The required output is the exact run of lines in the listing below from the line holding "Used 2020 Kia Sportage LX image 21" through the line holding "Create unique looks", with no pictures.

EXCERPTED RECORDS:
◆ ◆ ◆ ◆

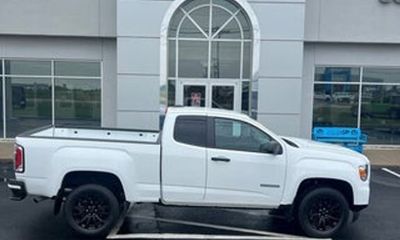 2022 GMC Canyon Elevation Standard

◆ ◆ ◆ ◆

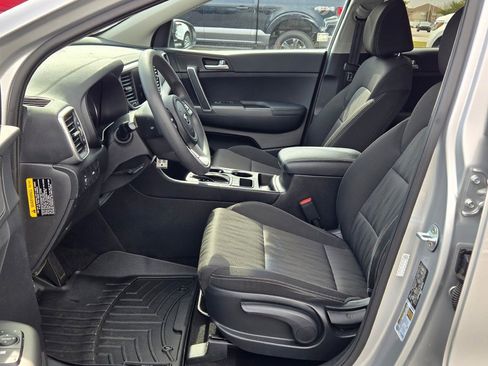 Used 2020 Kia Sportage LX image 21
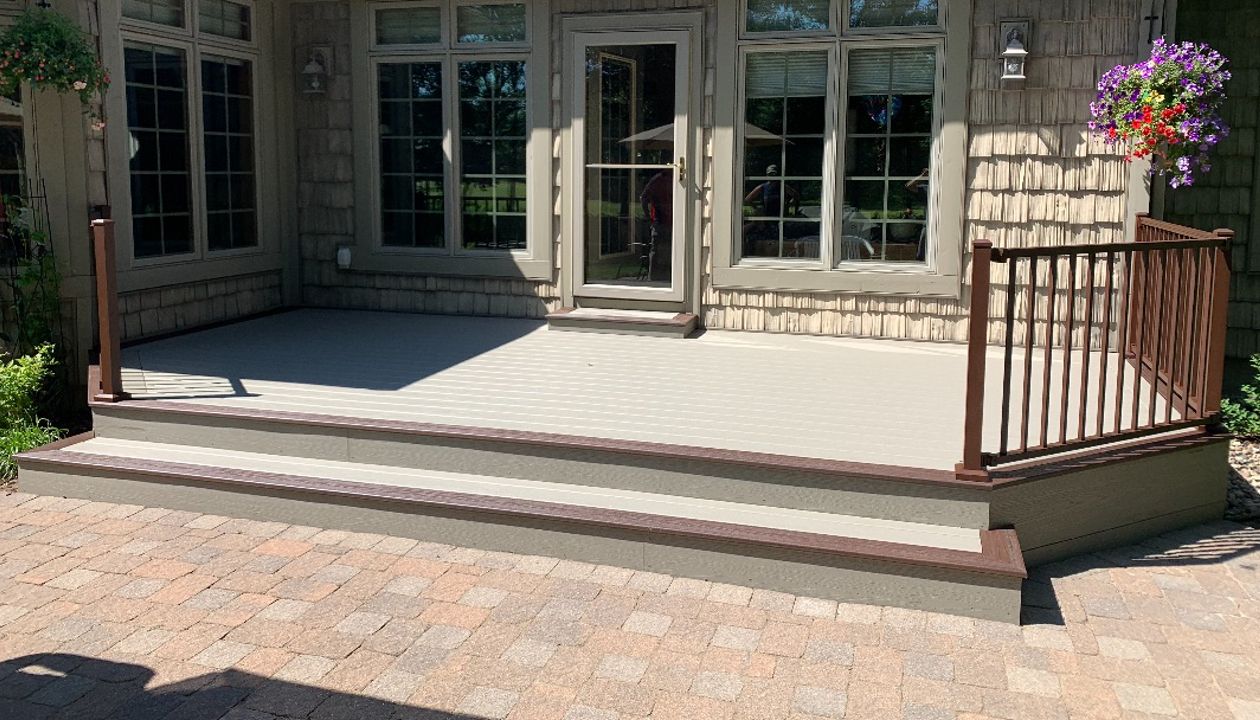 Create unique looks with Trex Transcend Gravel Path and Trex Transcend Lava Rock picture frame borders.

◆ ◆ ◆ ◆

RESULT FOR THIS EXERCISE:
 Used 2020 Kia Sportage LX image 21
 Create unique looks with Trex Transcend Gravel Path and Trex Transcend Lava Rock picture frame borders.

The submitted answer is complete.